Learn English – What are reasons to omit quotation marks in dialogue

punctuationwriting-style

While writing a short memoir for a college course, I wrote the dialogue without quotation marks, the biggest reason being that I do not like how clunky it looks in Times New Roman. I do not mind it with other fonts, but when I look at it in Times New Roman, it just feels like it is affecting the mood of the piece. Instead, I am separating dialogue into their own line as the speaker switches. I did not worry until another student in the peer review wrote quotation marks around all of my dialogue.

This assignment is the closest to creative writing that I will have in this class, so if I do decide not to use quotation marks, I want to be able to defend that choice to my professor.

So what are reasons that writers will omit quotation marks from dialogue?

Best Answer

Typography and rules of punctuation are entirely in the purview of the venue, and should NOT be varied for reasons as ephemeral as whether or not you like the glyph used by a specific font.

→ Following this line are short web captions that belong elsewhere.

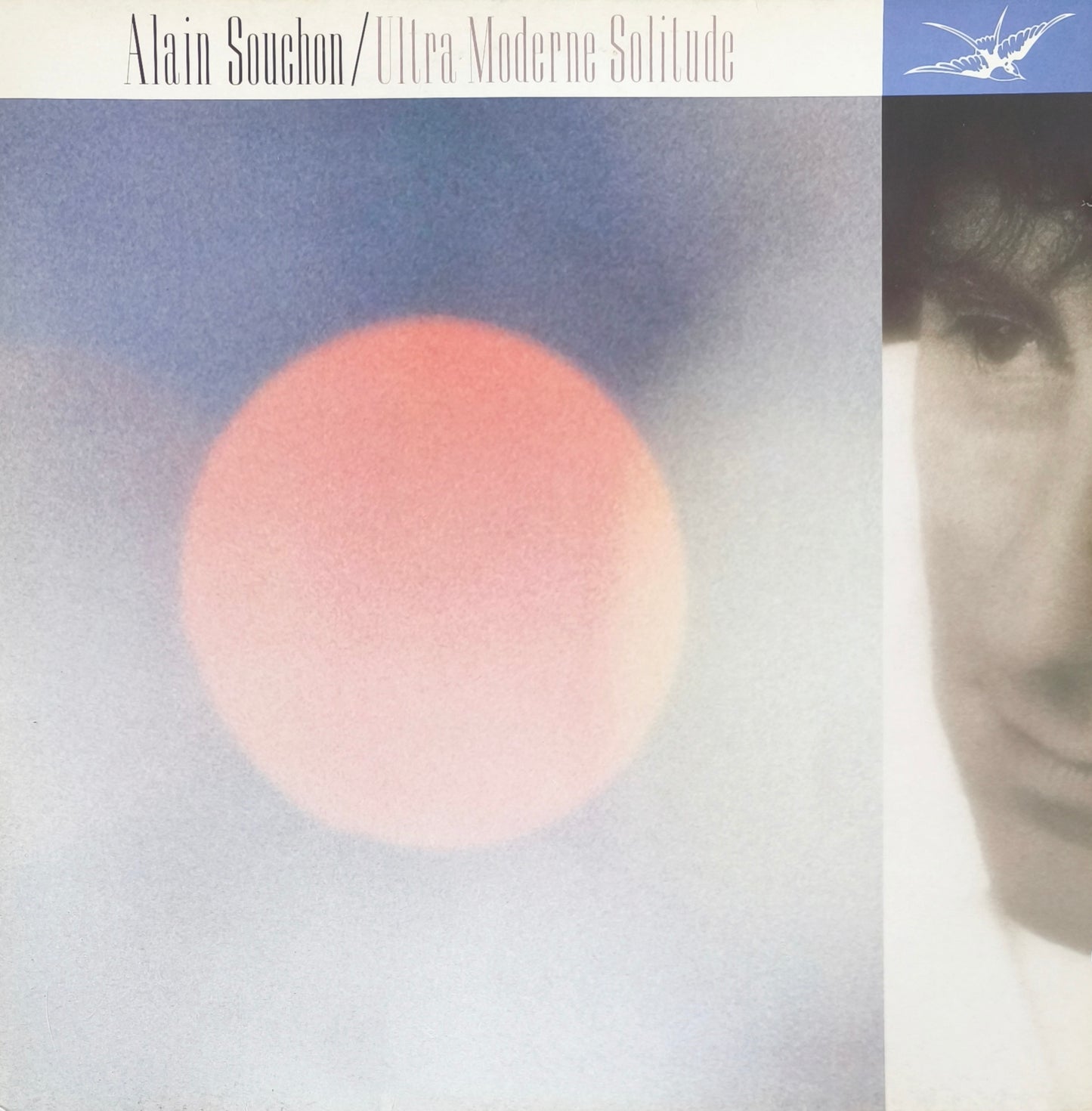 ALAIN SOUCHON - Ultra Moderne Solitude
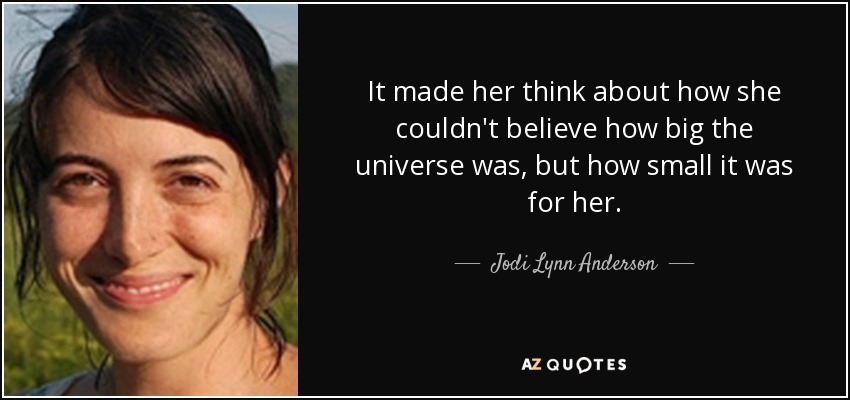It made her think about how she couldn't believe how big the universe was, but how small it was for her. - Jodi Lynn Anderson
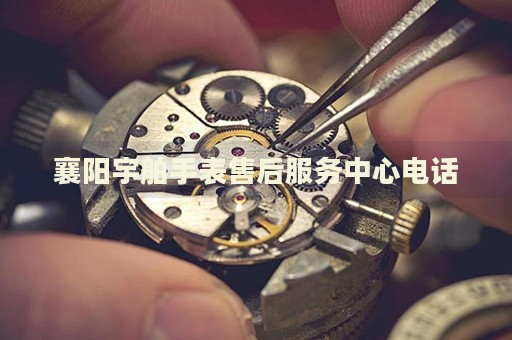 襄陽宇舶手表售后服務(wù)中心電話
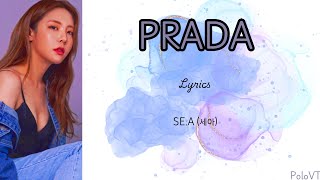 SEA 세야  PRADA Lyrics 세야 Prada SeA [upl. by Turner]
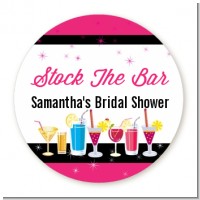 Stock the Bar Cocktails - Round Personalized Bridal Shower Sticker Labels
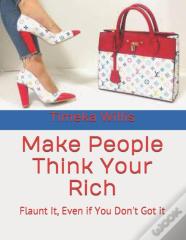 Make People Think Your Rich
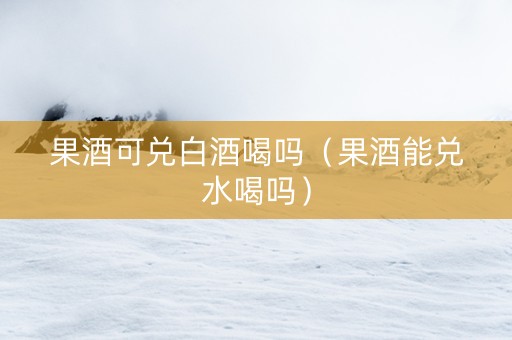 果酒可兑白酒喝吗（果酒能兑水喝吗）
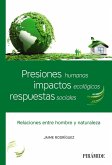 Presiones humanas, impactos ecológicos, respuestas sociales : relaciones entre hombre y naturaleza Presiones humanas, impactos ecológicos, respuestas sociales : relaciones entre hombre y naturaleza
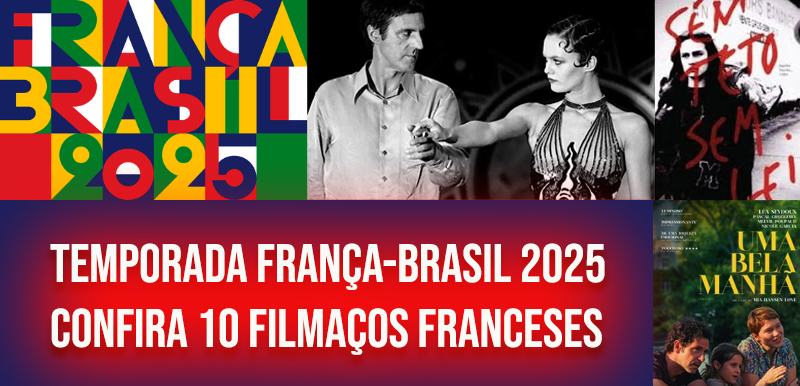 Temporada França-Brasil 2025: 10 Filmes Franceses para Ver no Streaming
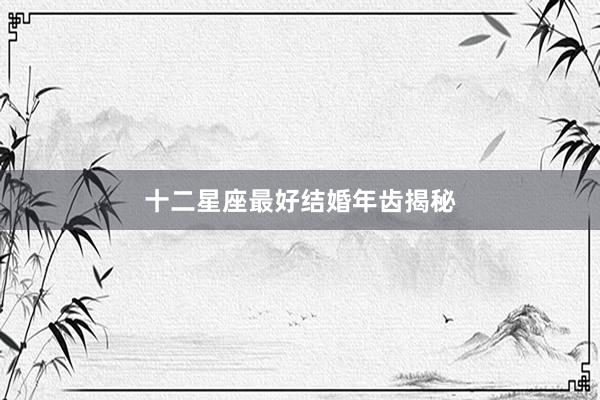 十二星座最好结婚年齿揭秘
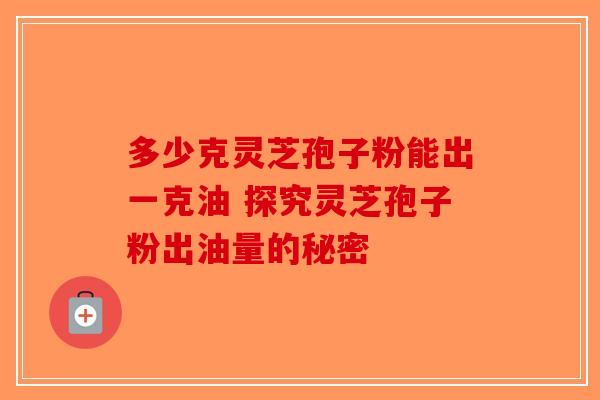 多少克灵芝孢子粉能出一克油 探究灵芝孢子粉出油量的秘密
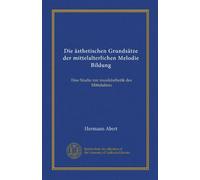 Die ästhetischen Grundsätze der mittelalterlichen Melodie Bildung (Vol-1): Eine Studie zur musikästhetik des Mittelalters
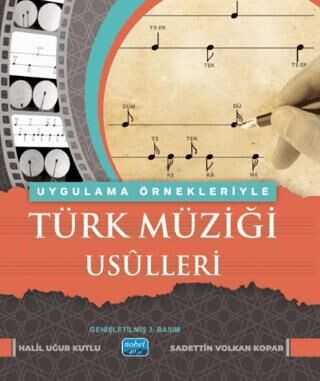 Uygulama Örnekleriyle Türk Müziği Usulleri - 1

If you don't like the quotation marks of a font, the right answer is to use a different font. While writing you can use whatever font you want; when you have in your memoir, follow the specific guidelines specified by your instructor, editor, agent, or publisher. If they say "use this font" it's likely because they are used to that font and want to evaluate your writing, not your ascetic taste in typography.


By the way, quotation marks are required in English narrative writing when including the exact words of another voice, which definitely includes any spoken dialog in prose. Inserting a paragraph break between speakers is likewise part of how to write dialog.

You could omit the quotation marks if you were writing a script, but then you're writing a script and not a narrative.